Sur les frais d’instance :
5. En premier lieu, M. C est admis au bénéfice de l’aide juridictionnelle à titre provisoire. Par suite, son avocate peut se prévaloir des dispositions des articles L. 761-1 du code de justice administrative et 37 de la loi du 10 juillet 1991.
6. En second lieu, nonobstant le désistement de M. C et la production par le préfet d’une convocation de l’intéressé à se rendre en préfecture afin de déposer son dossier et de se voir délivrer un récépissé de demande de titre de séjour, l’Etat doit être regardé comme étant la partie principalement perdante dans la présente instance compte tenu de ce que les moyens tirés de l’erreur de droit et de l’erreur manifeste d’appréciation étaient de nature à créer un doute sérieux quant à la légalité de la décision en litige et de ce que l’urgence était caractérisée.
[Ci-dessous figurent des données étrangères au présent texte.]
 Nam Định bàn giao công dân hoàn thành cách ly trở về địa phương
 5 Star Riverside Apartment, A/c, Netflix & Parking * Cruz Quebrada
7. Par suite, il y a lieu, dans les circonstances de l’espèce, sous réserve que Me Hug, avocate de M. C, renonce à percevoir la somme correspondant à la part contributive de l’Etat et sous réserve de l’admission définitive de son client à l’aide juridictionnelle, de mettre à la charge de l’Etat (préfet du Val-de-Marne) le versement à Me Hug de la somme de 1 200 euros. Dans l’hypothèse où sa demande d’aide juridictionnelle serait rejetée, cette somme sera versée directement à M. C.
O R D O N N E :
Article 1er : M. C est admis au bénéfice de l’aide juridictionnelle à titre provisoire.
Article 2 : Il est donné acte à M. C de son désistement des conclusions de sa requête aux fins de suspension et d’injonction.
Article 3 : L’Etat (préfet du Val-de-Marne) versera la somme de 1 200 euros à Me Hug, sous réserve qu’elle renonce à percevoir la somme correspondant à la part contributive de l’Etat à l’aide juridictionnelle, sur le fondement de l’article 37 de la loi du 10 juillet 1991 relative à l’aide juridique. En cas de refus d’octroi de l’aide juridictionnelle, cette somme sera versée à M. C.
Article 4 : La présente ordonnance sera notifiée à M. A C et au ministre d’Etat, ministre de l’intérieur.
Copie en sera communiquée au préfet du Val-de-Marne.
Le juge des référés,
Signé
S. BLa greffière,
Signé
C. SISTAC
La République mande et ordonne au ministre d’Etat, ministre de l’intérieur en ce qui le concerne et à tous commissaires de justice à ce requis en ce qui concerne les voies de droit commun contre les parties privées de pourvoir à l’exécution de la présente ordonnance.